12. April 2022

Der Auszug beginnt mit dem Einzug

In Deutschland sind Mieter und Wohnungsnutzer in den vergangenen 20 Jahren mobiler geworden. Arbeitsplatzwechsel, Trennung vom Partner, Beginn und Ende des Studiums, Verlagerung des Lebensmittelpunktes bei Eintritt ins Rentenalter, aber auch finanzielle Gründe beziehungsweise Verdrängungsprozesse oder der Bezug eines Eigenheims sind die Gründe. Mobilität ist eben der Vorteil des Mietens. Man ist flexibel und kann relativ unkompliziert den Wohnort wechseln.
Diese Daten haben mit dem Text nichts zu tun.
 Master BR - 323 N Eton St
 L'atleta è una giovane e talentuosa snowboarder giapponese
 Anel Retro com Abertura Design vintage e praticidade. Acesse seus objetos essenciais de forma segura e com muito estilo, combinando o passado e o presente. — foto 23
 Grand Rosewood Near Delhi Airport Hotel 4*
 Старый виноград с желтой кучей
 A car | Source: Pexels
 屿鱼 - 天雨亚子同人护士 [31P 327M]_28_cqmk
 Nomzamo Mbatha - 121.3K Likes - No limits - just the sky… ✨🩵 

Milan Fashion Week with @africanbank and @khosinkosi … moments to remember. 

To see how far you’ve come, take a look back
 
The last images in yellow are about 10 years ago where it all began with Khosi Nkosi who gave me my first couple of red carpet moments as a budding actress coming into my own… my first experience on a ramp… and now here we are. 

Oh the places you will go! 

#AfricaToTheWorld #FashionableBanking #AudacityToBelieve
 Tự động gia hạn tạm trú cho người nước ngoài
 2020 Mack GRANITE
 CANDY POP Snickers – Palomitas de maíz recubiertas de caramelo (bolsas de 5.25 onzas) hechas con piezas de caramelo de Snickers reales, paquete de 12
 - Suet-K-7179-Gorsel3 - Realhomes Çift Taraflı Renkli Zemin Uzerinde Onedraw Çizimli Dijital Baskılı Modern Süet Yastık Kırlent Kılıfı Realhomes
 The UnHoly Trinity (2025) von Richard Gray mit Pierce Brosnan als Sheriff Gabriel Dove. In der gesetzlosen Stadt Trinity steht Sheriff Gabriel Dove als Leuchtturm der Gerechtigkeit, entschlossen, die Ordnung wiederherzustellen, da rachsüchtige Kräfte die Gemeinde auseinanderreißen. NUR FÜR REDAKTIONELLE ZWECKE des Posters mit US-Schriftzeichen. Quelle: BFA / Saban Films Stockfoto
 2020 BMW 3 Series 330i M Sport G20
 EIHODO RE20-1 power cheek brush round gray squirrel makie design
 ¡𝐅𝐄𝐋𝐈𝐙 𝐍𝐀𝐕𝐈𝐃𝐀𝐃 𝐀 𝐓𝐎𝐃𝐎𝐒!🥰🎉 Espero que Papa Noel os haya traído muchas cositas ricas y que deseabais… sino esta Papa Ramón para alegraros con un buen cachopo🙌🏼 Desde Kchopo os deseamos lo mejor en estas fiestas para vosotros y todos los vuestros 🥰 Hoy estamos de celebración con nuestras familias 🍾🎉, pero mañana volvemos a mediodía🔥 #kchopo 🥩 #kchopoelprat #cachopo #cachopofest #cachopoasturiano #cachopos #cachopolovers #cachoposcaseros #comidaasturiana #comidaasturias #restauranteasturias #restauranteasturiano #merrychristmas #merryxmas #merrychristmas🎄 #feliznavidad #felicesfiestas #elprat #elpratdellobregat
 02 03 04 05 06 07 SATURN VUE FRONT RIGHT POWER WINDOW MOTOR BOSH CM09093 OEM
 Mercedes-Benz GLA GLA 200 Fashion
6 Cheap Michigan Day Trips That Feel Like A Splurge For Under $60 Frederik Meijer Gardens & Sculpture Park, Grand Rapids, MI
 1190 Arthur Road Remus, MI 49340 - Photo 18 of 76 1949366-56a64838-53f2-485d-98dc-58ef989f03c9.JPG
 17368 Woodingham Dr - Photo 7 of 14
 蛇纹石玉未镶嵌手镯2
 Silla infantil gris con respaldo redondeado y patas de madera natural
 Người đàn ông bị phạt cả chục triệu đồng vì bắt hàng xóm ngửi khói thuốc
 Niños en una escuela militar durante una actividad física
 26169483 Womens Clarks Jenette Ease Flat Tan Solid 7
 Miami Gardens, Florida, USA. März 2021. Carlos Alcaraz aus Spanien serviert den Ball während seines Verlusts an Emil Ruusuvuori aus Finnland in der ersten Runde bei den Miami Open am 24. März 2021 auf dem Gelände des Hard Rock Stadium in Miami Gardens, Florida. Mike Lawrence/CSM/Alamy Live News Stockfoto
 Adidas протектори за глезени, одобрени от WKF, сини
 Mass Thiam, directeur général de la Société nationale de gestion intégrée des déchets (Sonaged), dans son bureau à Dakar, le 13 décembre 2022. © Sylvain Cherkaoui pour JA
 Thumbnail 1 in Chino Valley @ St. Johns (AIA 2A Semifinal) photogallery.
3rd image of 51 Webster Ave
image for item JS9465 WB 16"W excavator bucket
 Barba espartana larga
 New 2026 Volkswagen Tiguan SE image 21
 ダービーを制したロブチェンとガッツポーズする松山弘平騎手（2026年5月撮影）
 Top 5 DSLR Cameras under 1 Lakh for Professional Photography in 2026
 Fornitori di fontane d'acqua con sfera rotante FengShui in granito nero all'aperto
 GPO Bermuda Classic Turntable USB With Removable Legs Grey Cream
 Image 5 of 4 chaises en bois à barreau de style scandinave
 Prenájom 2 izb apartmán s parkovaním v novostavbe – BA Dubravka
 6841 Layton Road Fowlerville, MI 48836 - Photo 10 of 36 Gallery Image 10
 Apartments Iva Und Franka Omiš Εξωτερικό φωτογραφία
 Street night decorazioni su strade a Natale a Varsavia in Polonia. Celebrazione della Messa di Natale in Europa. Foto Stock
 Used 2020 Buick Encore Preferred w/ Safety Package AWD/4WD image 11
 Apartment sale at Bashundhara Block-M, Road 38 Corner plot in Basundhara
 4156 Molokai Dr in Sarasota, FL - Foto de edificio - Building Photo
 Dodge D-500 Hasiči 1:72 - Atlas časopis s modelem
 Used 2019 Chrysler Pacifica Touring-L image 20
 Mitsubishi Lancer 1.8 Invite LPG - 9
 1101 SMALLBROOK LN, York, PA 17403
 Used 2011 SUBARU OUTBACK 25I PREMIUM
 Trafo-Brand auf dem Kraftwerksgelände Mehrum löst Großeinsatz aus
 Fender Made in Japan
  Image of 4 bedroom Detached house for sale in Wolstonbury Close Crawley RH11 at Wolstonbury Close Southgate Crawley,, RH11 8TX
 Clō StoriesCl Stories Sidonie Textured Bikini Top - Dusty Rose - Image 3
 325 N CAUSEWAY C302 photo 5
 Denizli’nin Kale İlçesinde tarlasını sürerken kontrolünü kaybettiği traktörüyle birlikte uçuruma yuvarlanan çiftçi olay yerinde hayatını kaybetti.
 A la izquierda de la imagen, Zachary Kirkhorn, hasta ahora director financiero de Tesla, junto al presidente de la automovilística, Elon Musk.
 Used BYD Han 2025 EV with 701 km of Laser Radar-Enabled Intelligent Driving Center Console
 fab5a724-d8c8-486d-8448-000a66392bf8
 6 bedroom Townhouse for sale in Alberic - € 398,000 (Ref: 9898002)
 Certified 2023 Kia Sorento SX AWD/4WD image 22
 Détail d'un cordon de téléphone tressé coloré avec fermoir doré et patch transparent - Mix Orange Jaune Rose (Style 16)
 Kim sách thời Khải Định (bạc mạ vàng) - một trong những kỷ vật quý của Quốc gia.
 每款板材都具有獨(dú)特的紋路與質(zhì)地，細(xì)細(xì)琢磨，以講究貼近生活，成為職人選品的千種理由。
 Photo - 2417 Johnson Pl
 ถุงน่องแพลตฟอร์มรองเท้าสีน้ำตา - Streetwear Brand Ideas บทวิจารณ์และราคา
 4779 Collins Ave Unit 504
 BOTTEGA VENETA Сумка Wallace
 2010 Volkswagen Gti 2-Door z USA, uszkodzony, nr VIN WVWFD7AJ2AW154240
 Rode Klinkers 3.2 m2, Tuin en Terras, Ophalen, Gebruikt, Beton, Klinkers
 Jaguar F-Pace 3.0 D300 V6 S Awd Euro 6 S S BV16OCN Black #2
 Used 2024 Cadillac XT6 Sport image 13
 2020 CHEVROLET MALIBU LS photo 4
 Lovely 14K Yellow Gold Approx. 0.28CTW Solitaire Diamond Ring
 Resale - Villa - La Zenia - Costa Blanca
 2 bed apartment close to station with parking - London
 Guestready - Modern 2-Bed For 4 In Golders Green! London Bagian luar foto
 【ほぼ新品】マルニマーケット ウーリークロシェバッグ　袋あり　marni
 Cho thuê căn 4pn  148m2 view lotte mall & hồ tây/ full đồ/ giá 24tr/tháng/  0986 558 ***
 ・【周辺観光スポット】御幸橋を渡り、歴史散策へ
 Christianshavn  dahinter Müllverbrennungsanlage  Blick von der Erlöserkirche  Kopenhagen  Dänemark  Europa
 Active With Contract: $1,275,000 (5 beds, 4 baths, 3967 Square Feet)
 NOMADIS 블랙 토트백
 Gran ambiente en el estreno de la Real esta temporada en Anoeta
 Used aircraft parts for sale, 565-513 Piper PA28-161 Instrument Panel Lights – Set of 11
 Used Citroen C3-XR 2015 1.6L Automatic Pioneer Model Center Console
Das Eigenheim, häufig als das Ziel aller Träume dargestellt, hat dagegen erkennbare „kleinere“ Nebenprobleme. Da ist die Finanzierung für Grundstück und Neubau mit hoffentlich ausreichendem Eigenkapital. Dann die Auswahl des Bauplatzes, wo kaum jemand weiß, wie das, was versprochen wird, auch in den nächsten Jahren in Erfüllung geht. Da warten viele immer noch auf die Anbindung an den ÖPNV oder die Kita in der Nähe. Und die meisten, die bauen, haben kleine oder schulpflichtige Kinder. Deshalb wird für den Nachwuchs mitgebaut. Doch häufig läuft es so: Die Kinder werden flügge, studieren, finden den Job weit ab von zu Hause und kommen nur noch zu Besuch.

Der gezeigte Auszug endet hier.